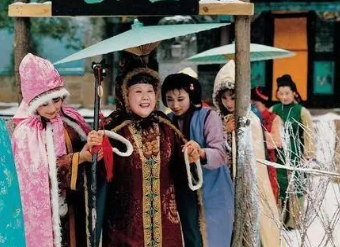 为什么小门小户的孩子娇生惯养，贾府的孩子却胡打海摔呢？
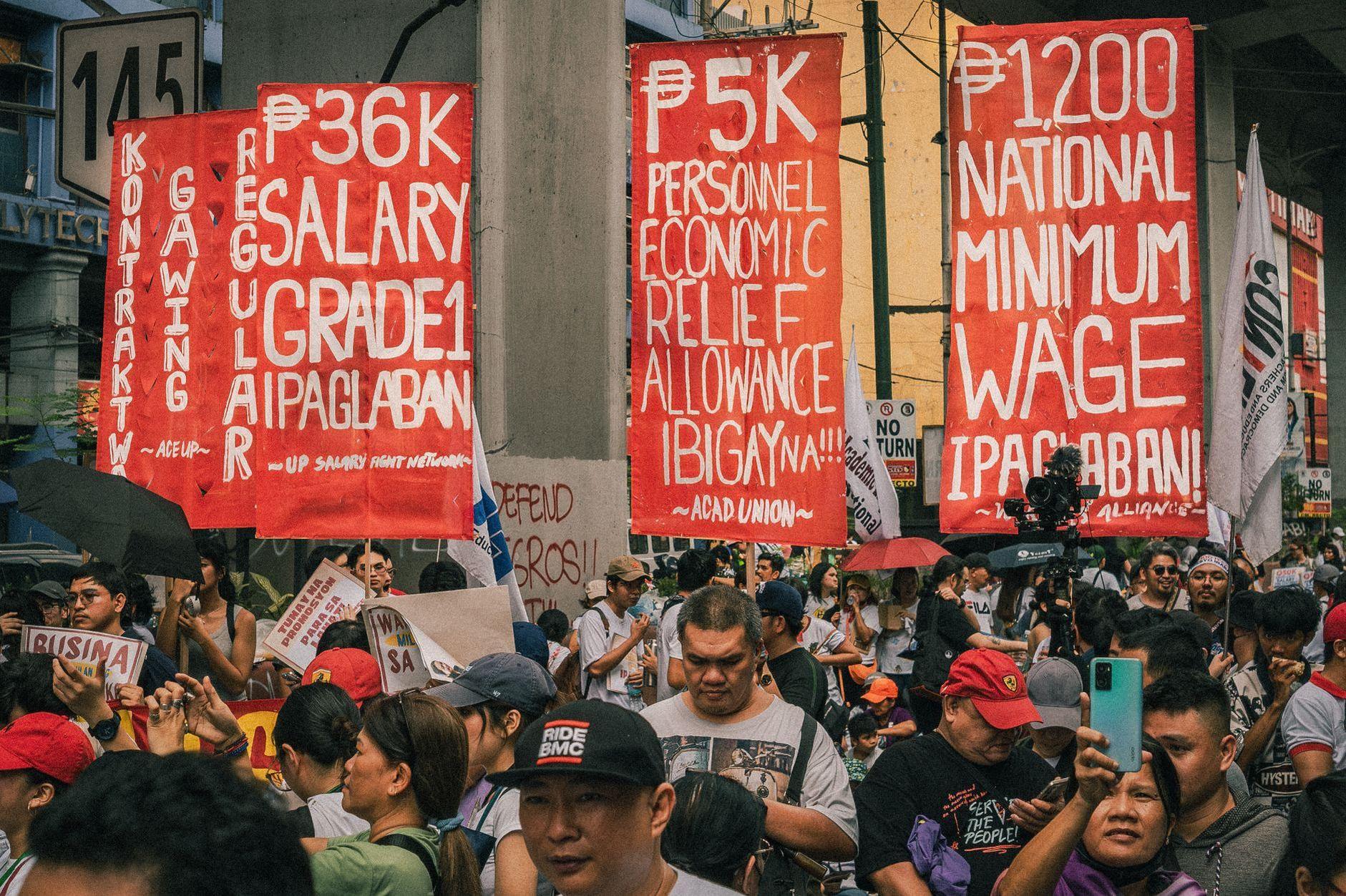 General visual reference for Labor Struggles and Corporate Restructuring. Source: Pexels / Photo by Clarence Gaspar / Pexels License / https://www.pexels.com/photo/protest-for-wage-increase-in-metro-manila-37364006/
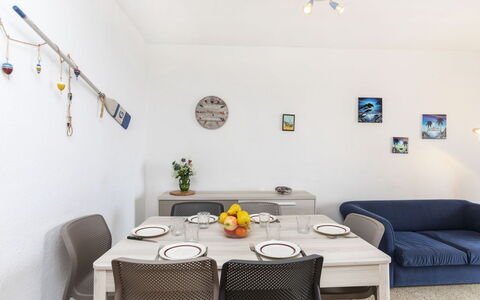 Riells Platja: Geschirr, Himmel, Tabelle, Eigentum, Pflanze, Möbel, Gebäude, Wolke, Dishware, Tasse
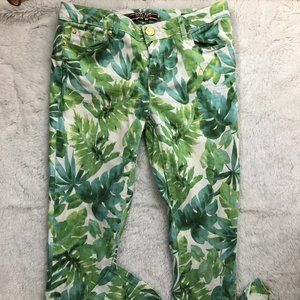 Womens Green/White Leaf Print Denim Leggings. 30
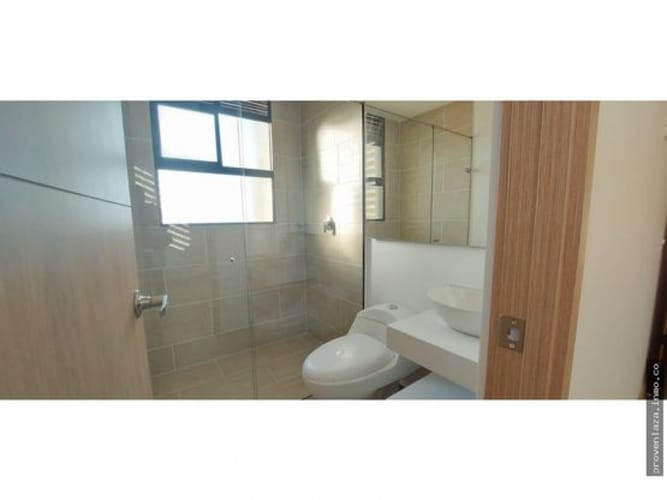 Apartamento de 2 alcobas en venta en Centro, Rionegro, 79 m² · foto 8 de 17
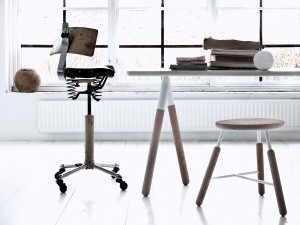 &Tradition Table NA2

-=-=-

Exercise description:
Beginning with the line that includes "Apartamento de 2" and ending with the last line of the material, reproduce those lines exactly and nothing else, with no pictures.

Answer for this exercise:
 Apartamento de 2 alcobas en venta en Centro, Rionegro, 79 m² · foto 8 de 17
 &Tradition Table NA2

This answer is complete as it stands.